Invloed van oogverwijdering op de hersenen bij kinderen
Zenuwverbindingen van een verwijderd oog verdwijnen grotendeels en de verbindingen van het overblijvende oog in de hersenen nemen toe. Ook vindt er een reorganisatie plaats van de visuele schors en is er versterking van de andere zintuiglijke systemen. De gezichtsscherpte en contrastgevoeligheid van het overblijvende oog is vaak hoger en de geluidslokalisatie vaak beter. De bewegings- en snelheidsperceptie lijkt minder, net als de hogere visuele functies als gezichtsherkenning. Vanwege de neuroplasticiteit en betere aanpassingsvermogen van kinderen, lijkt een oogverwijdering minder effect te hebben op het functioneren dan bij volwassenen.
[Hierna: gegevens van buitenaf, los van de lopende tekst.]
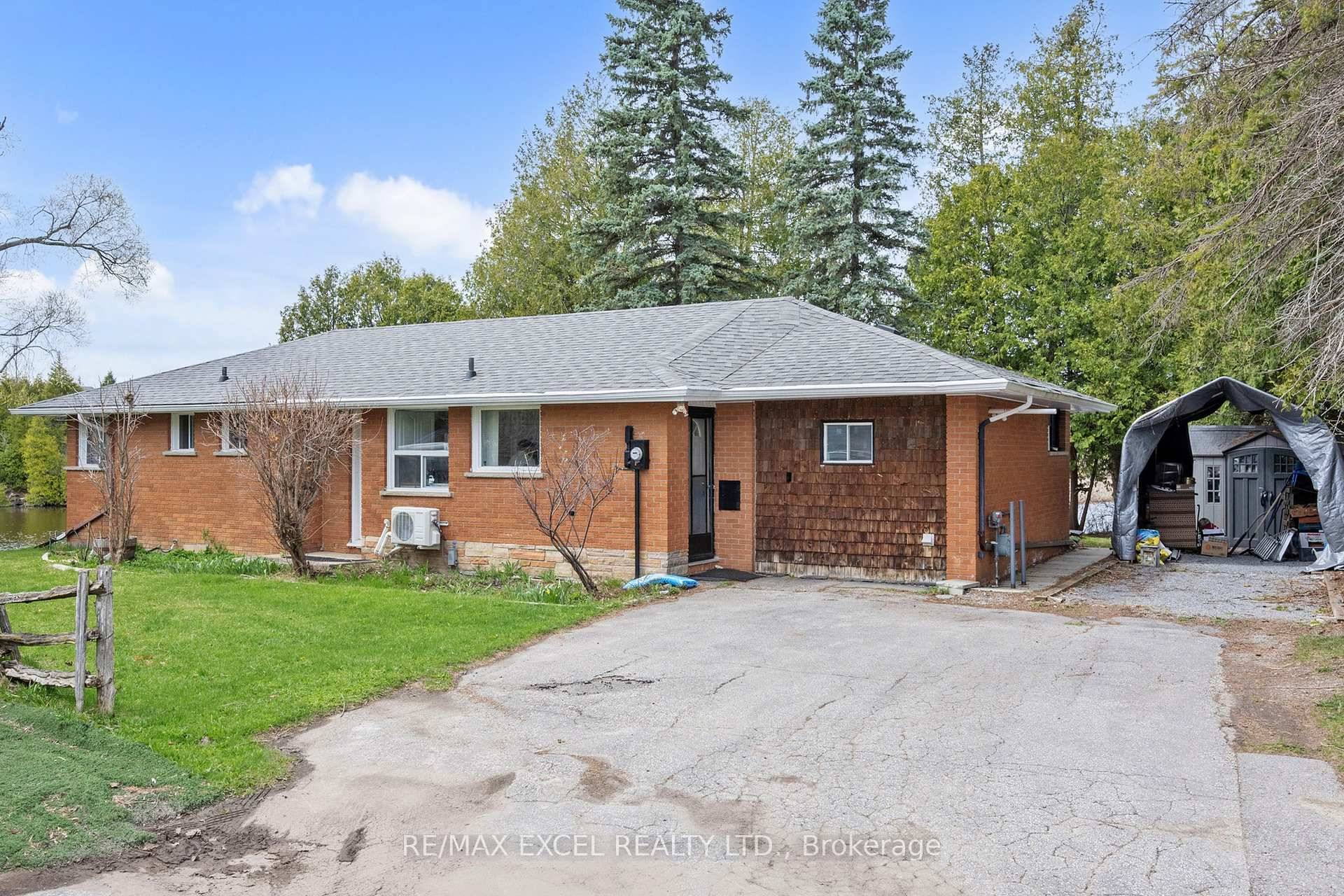 Direct waterfront four season 3 bedroom 2 washroom bungalow home on the serene Black River.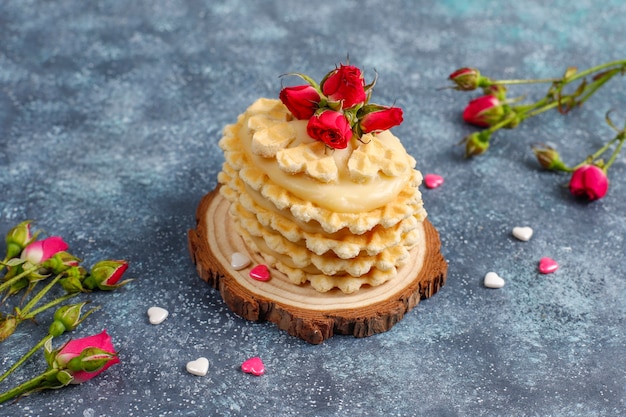 Waffle cookies with homemade delicious cream.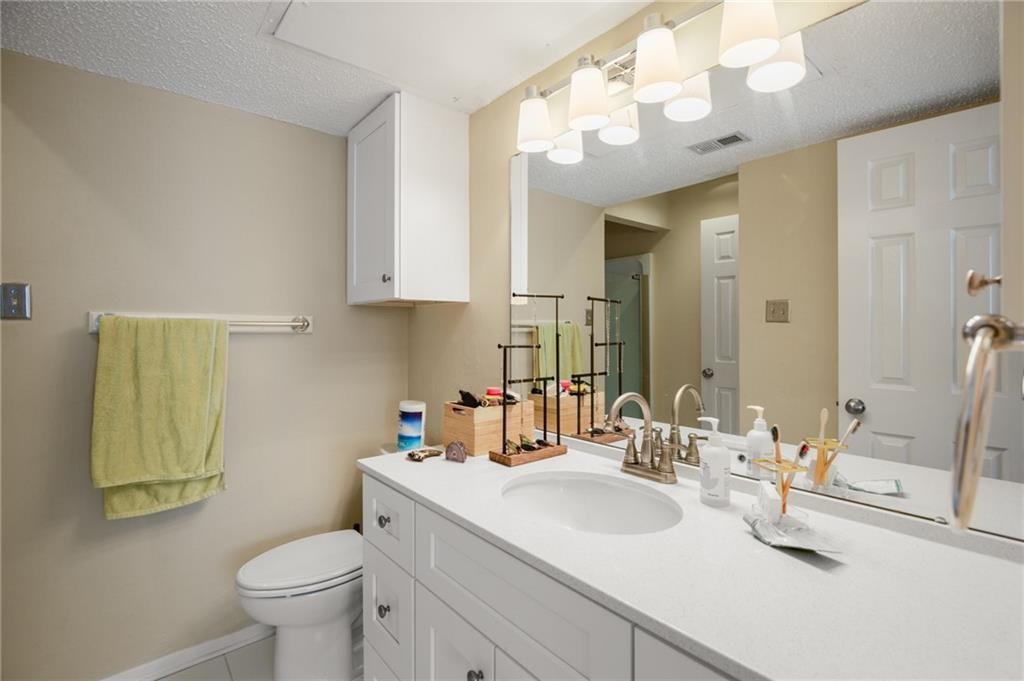 806 West 24th Street, Unit 228 Austin, TX 78705 - Photo 6 of 6 a bathroom with a sink a toilet and mirror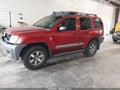 2011 Nissan Xterra — photo 2 of 17 | VIN 5N1AN0NW1BC508526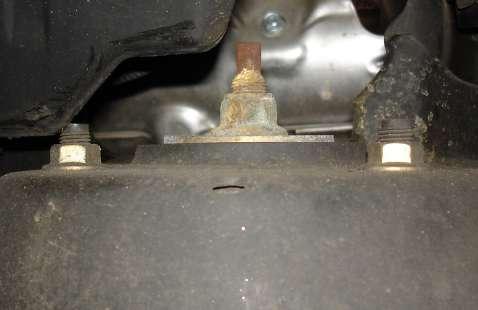 Separate the steering arm tie rod taper from the spindle. 8. Support the lower control arm. 9.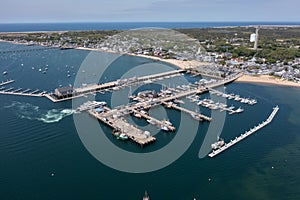 aerial landscape view of MacMillan Pier and Provincetown Marina in front and Provincetown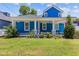 Charming two-story home with a blue exterior, inviting front porch, and well-manicured lawn at 1598 Jonesboro Se Rd, Atlanta, GA 30315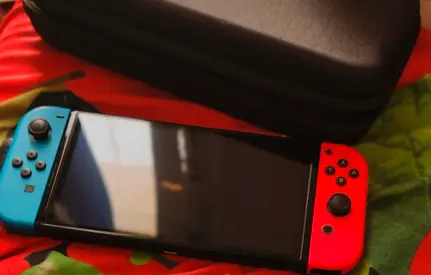 Nintendo Switch OLED Neon Blue/Red - Boxed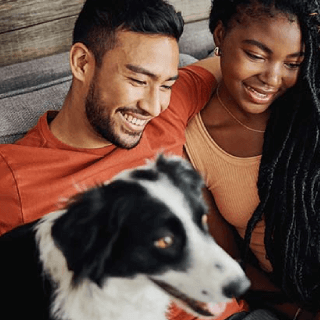 Couple smiling at home with their dog, representing audiences of pet owners and families who value companionship and lifestyle products.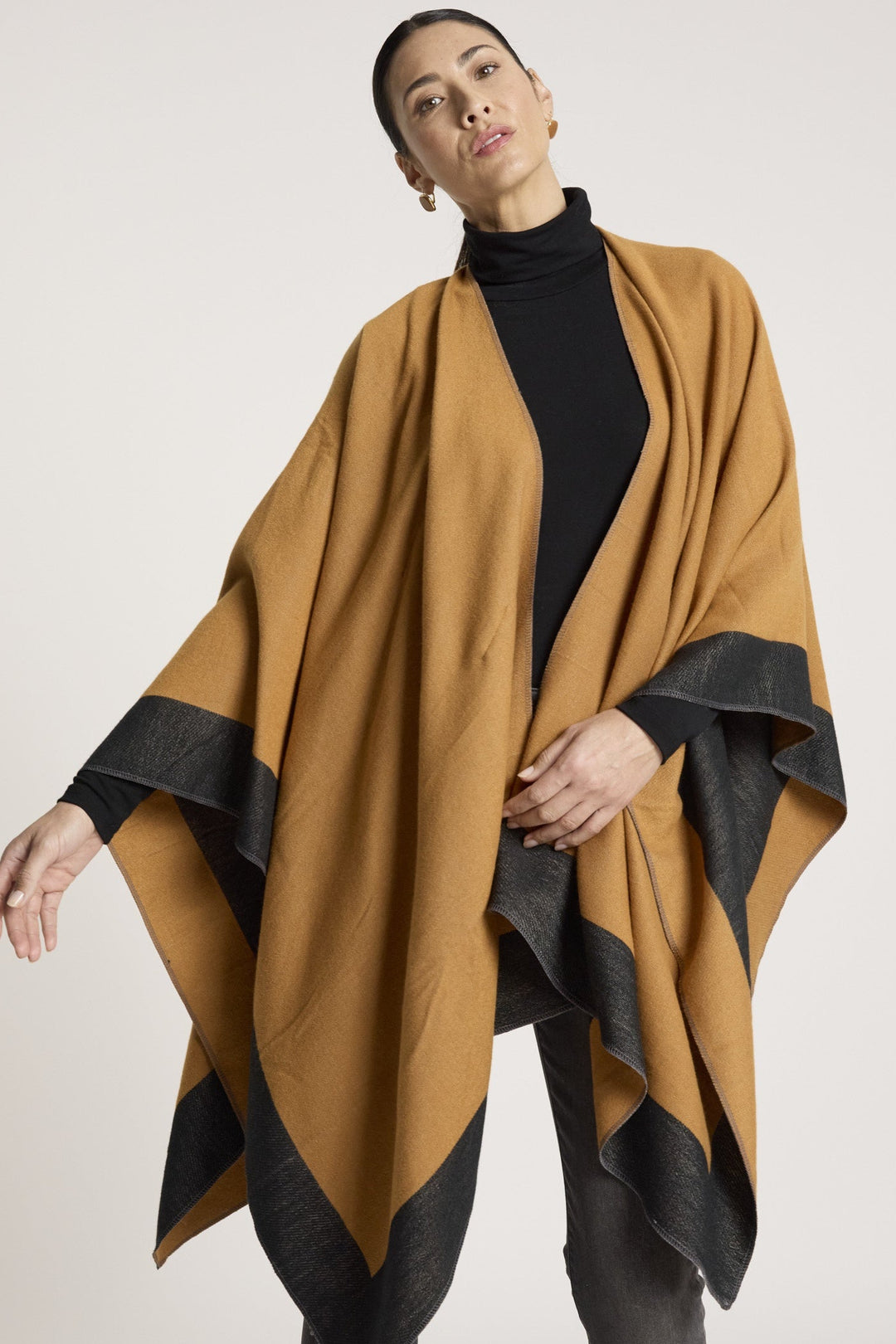 Woman wearing a brown and black poncho against a white background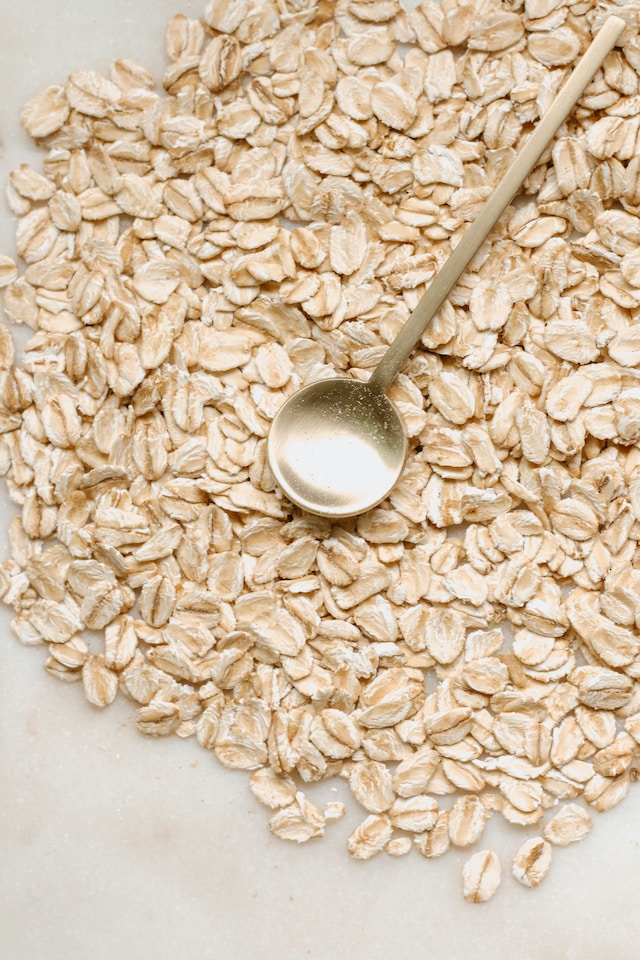 Pile of oatmeal with a metal spoon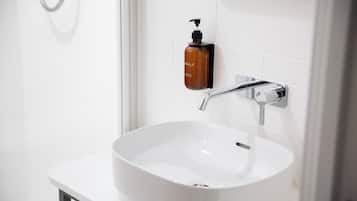 A white bathroom with a vessel sink, a handheld showerhead, and a soap dispenser on the wall.
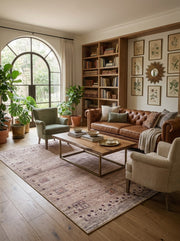 7' x 9' Rectangular Beige Brown Geometric Tribal Southwestern Area Rug styled in a living room with a brown leather sofa, green armchair, and wooden coffee table.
Invloed van oogverwijdering op de hersenen bij volwassenen
Op de korte termijn ontstaat er een verhoogd signaal van het verwijderde oog naar de hersenen. Dit komt waarschijnlijk omdat er een verhoogde gevoeligheid ontstaat voor dit oog, omdat er in eerste instantie weinig informatie binnenkomt in de hersenen van dit oog. Op de lange termijn vindt er degeneratie plaats van de zenuwverbindingen met het verwijderde oog. De visuele schors in de hersenen wordt dan gerekruteerd voor andere functies. De verbinding tussen het visuele systeem en de andere zintuiglijke systemen wordt versterkt. Tenslotte vindt er een versterking van de andere zintuiglijke systemen plaats. Na een oogverwijdering bij volwassenen is er een kleine kans op het ‘Fantoom oogsyndroom’. Dit kan bestaan uit fantoompijn, fantoomsensaties of fantoomzicht. Fantoompijn ontstaat vaak in de eerste paar dagen na de operatie en neemt vaak daarna af. Het kan seconden tot uren duren. Fantoomsensaties kunnen bestaan uit het gevoel van jeuk of het gevoel dat een oog nog open staat. Fantoomzicht kan in de ‘simpele’ vorm voorkomen, waarbij er geen duidelijke vorm of figuur wordt waargenomen, of in de ‘complexe’ vorm, waarbij er mensen, dieren, gebouwen of landschappen waargenomen worden. Ook dit begint vaak in de eerste dagen na de ingreep en neemt vervolgens weer af en het duurt vaak een paar minuten. Bij een klein deel van de mensen met dit syndroom verdwijnen de klachten niet vanzelf. Psychologische hulp en medicamenteuze behandeling via een pijnteam kan dan helpen.